As Boggs watched, the aged figure grasped the hand of the singing Tusken and whispered a short series of words into his ear before his own hand fell away and he died. The Tusken's song stopped just as quickly, and the creature began wailing in anguished torment over his dead comrade, which echoed through the canyon. Boggs bowed his head as tears came to his eyes, never imagining that the hostile Tuskens could feel emotion as he did. Giving a final nod to the expired elder, Boggs quietly returned to his cranny to await the dawn.[1]

Personality and traits[]

As one of Tatooine's moisture farmers, Wenny Boggs was duly cautious of the savage Tusken Raiders,[1] who were notorious for regularly attacking Tatooine's Human settlers, isolated moisture farmers included.[4] After Boggs found himself trapped out in the desert with not enough daylight to safely return home, he opted to seek shelter, not wanting to confront a hunting band of the fearsome creatures at night.[1]

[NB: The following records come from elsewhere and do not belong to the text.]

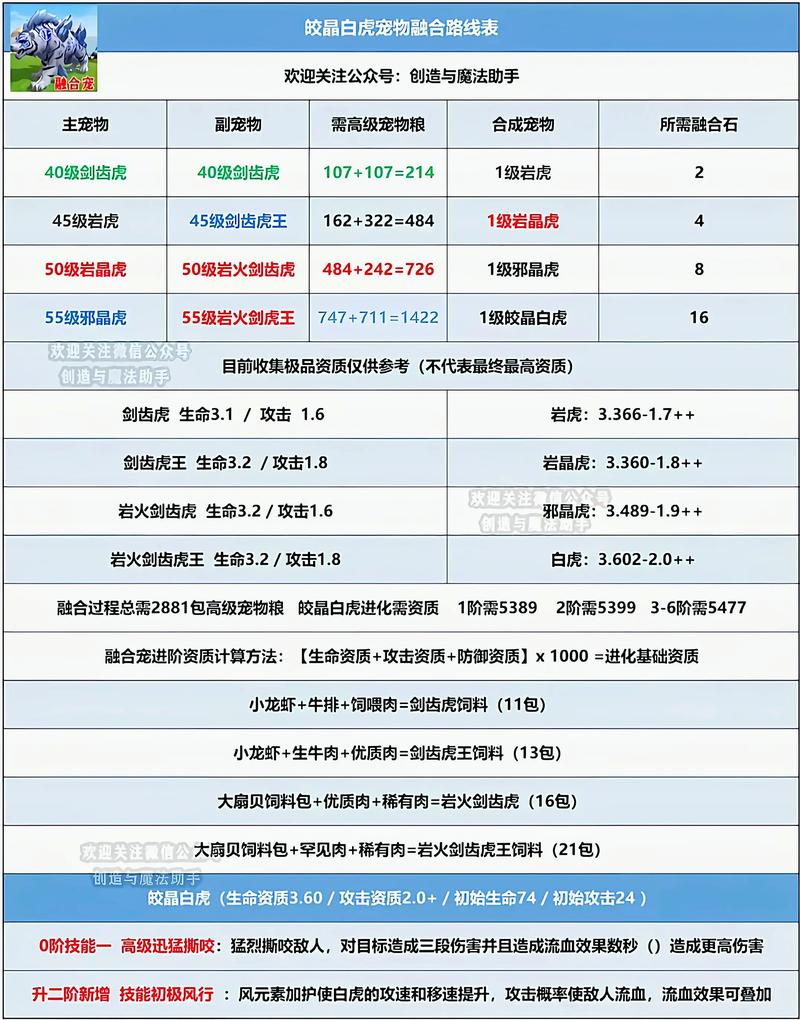 魔力宝贝百科：宠物装备强化与属性提升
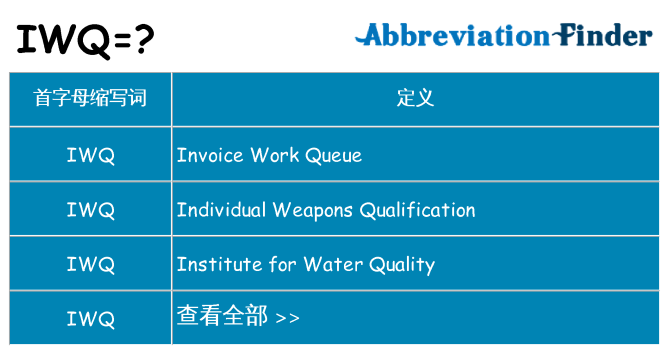 iwq 代表什么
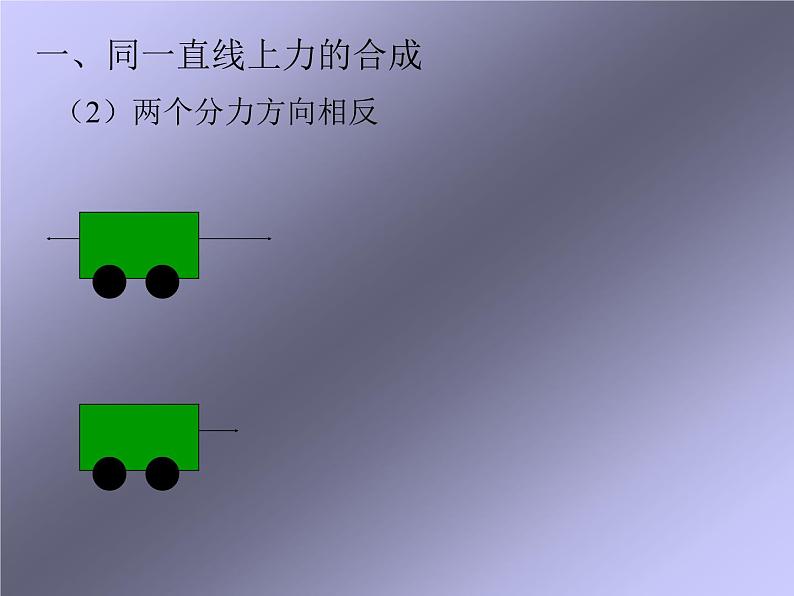 3.4力的合成课件PPT第8页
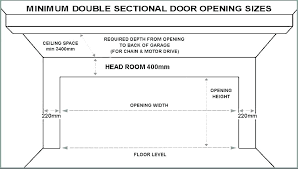 Door Rough Opening Height Muchcare Info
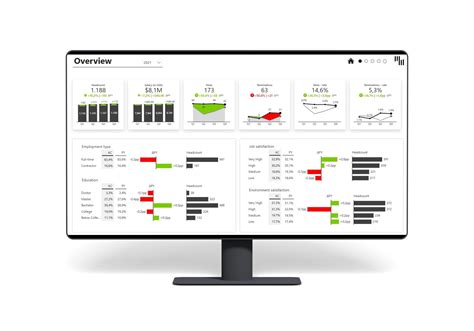 iqb|iqbs business intelligence software.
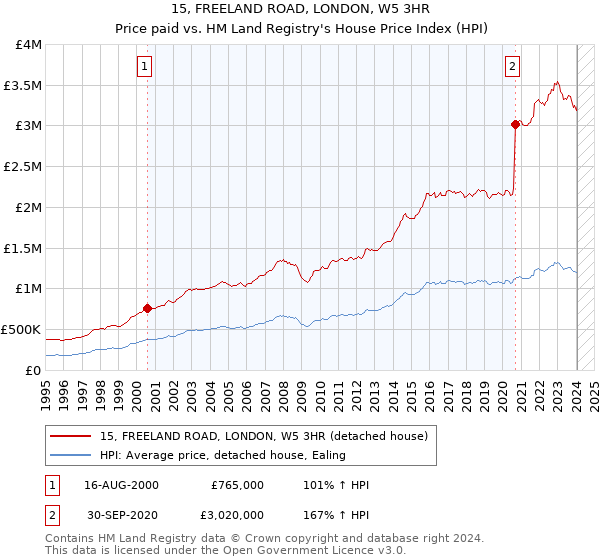15, FREELAND ROAD, LONDON, W5 3HR: Price paid vs HM Land Registry's House Price Index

Boggs came to reevaluate some of the surface impressions he held of the creatures upon discovering the singing Tusken in mourning over his aged, dying comrade. Boggs was transfixed by the Tusken's song, unable to offer resistance as it pulled him to its source in the Tusken ceremonial rock circle. The Tusken's singing, sad and lilting, belied the creatures' typical growling vocals, which surprised Boggs, who found the singing strangely wistful rather than harsh and frightening, as expected—of course, he never imagined that Tuskens could sing in the first place. Boggs' most profound revelation came as he witnessed the singing Tusken agonizing over the death of the elder, discovering for himself that Tuskens were not mindless monsters but instead beings of feeling and emotion.[1]

Behind the scenes[]

Wenny Boggs appeared in the short narrative Song for a Fallen Nomad, originally published by West End Games in the 1987 The Star Wars Sourcebook, written by Bill Slavicsek and Curtis Smith. The story provides a rare insight into the intimate social rituals of the Tusken Raiders,[1] who earned a common reputation as savage brutes among Tatooine's other inhabitants.[5]